-- Problem details --
The answer should consist of all the records, written out word for word.

Records drawn from a dataset

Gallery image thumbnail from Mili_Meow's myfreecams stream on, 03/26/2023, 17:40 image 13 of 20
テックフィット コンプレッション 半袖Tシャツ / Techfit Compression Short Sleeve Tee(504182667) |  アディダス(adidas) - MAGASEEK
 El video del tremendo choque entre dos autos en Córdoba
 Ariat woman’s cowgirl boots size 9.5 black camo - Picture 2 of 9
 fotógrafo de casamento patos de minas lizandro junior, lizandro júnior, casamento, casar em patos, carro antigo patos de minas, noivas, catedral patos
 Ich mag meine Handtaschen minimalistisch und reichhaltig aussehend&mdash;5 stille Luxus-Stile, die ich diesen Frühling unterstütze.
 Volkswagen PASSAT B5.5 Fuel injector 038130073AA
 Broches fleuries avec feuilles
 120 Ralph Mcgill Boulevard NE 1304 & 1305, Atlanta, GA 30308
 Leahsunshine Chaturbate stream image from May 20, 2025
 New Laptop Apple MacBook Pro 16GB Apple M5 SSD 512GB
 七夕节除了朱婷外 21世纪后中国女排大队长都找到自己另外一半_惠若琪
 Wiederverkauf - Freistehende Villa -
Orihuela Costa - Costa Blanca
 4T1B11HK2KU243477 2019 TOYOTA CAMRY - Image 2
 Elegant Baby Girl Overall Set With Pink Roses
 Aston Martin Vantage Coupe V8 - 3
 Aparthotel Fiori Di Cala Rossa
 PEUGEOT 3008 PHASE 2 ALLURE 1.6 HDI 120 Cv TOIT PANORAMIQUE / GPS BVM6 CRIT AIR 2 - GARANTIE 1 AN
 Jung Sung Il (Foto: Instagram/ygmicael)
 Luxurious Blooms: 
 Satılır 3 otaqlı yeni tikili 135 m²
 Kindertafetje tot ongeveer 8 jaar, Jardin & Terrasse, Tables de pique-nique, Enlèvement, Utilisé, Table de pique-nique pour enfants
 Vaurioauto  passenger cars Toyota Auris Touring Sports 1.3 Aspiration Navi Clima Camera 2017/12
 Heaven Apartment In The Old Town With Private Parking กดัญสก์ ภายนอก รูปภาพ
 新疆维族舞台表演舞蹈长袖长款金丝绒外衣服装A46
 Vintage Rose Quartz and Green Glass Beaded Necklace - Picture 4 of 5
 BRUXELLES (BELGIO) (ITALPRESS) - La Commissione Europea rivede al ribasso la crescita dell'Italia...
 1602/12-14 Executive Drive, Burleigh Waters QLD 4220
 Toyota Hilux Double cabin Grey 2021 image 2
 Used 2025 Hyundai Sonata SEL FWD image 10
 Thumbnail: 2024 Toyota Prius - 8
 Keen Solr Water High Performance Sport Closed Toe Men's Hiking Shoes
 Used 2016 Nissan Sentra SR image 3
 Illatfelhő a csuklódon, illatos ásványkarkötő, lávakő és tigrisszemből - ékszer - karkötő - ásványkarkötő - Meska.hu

-- Your solution --
Gallery image thumbnail from Mili_Meow's myfreecams stream on, 03/26/2023, 17:40 image 13 of 20
テックフィット コンプレッション 半袖Tシャツ / Techfit Compression Short Sleeve Tee(504182667) |  アディダス(adidas) - MAGASEEK
 El video del tremendo choque entre dos autos en Córdoba
 Ariat woman’s cowgirl boots size 9.5 black camo - Picture 2 of 9
 fotógrafo de casamento patos de minas lizandro junior, lizandro júnior, casamento, casar em patos, carro antigo patos de minas, noivas, catedral patos
 Ich mag meine Handtaschen minimalistisch und reichhaltig aussehend&mdash;5 stille Luxus-Stile, die ich diesen Frühling unterstütze.
 Volkswagen PASSAT B5.5 Fuel injector 038130073AA
 Broches fleuries avec feuilles
 120 Ralph Mcgill Boulevard NE 1304 & 1305, Atlanta, GA 30308
 Leahsunshine Chaturbate stream image from May 20, 2025
 New Laptop Apple MacBook Pro 16GB Apple M5 SSD 512GB
 七夕节除了朱婷外 21世纪后中国女排大队长都找到自己另外一半_惠若琪
 Wiederverkauf - Freistehende Villa -
Orihuela Costa - Costa Blanca
 4T1B11HK2KU243477 2019 TOYOTA CAMRY - Image 2
 Elegant Baby Girl Overall Set With Pink Roses
 Aston Martin Vantage Coupe V8 - 3
 Aparthotel Fiori Di Cala Rossa
 PEUGEOT 3008 PHASE 2 ALLURE 1.6 HDI 120 Cv TOIT PANORAMIQUE / GPS BVM6 CRIT AIR 2 - GARANTIE 1 AN
 Jung Sung Il (Foto: Instagram/ygmicael)
 Luxurious Blooms: 
 Satılır 3 otaqlı yeni tikili 135 m²
 Kindertafetje tot ongeveer 8 jaar, Jardin & Terrasse, Tables de pique-nique, Enlèvement, Utilisé, Table de pique-nique pour enfants
 Vaurioauto  passenger cars Toyota Auris Touring Sports 1.3 Aspiration Navi Clima Camera 2017/12
 Heaven Apartment In The Old Town With Private Parking กดัญสก์ ภายนอก รูปภาพ
 新疆维族舞台表演舞蹈长袖长款金丝绒外衣服装A46
 Vintage Rose Quartz and Green Glass Beaded Necklace - Picture 4 of 5
 BRUXELLES (BELGIO) (ITALPRESS) - La Commissione Europea rivede al ribasso la crescita dell'Italia...
 1602/12-14 Executive Drive, Burleigh Waters QLD 4220
 Toyota Hilux Double cabin Grey 2021 image 2
 Used 2025 Hyundai Sonata SEL FWD image 10
 Thumbnail: 2024 Toyota Prius - 8
 Keen Solr Water High Performance Sport Closed Toe Men's Hiking Shoes
 Used 2016 Nissan Sentra SR image 3
 Illatfelhő a csuklódon, illatos ásványkarkötő, lávakő és tigrisszemből - ékszer - karkötő - ásványkarkötő - Meska.hu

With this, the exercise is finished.